*** Opening Source information ***
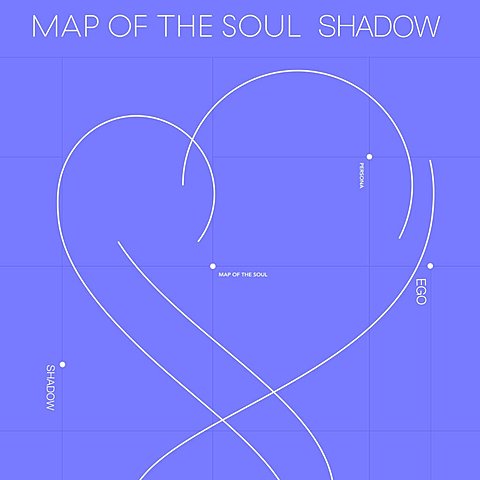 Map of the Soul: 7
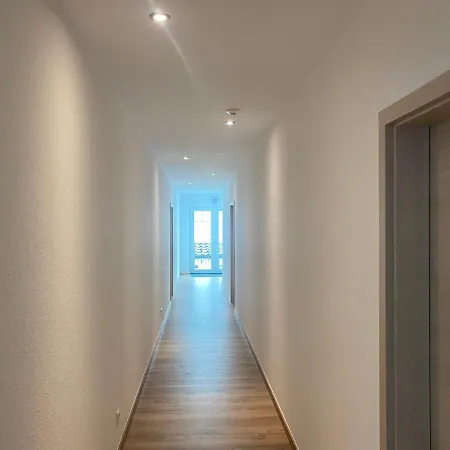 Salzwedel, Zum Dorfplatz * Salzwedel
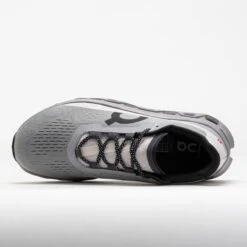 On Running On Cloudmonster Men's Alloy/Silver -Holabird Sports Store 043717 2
*** Closing Source information ***
*** Opening Source information ***
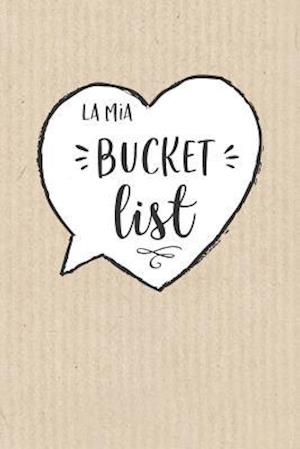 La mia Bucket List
*** Closing Source information ***
**Required work:**
Everything between and including the line above containing "Salzwedel, Zum Dorfplatz * Salzwedel" and the line containing "On Running On" should be reproduced exactly, with pictures excluded.

**Task answer:**
 Salzwedel, Zum Dorfplatz * Salzwedel
 On Running On Cloudmonster Men's Alloy/Silver -Holabird Sports Store 043717 2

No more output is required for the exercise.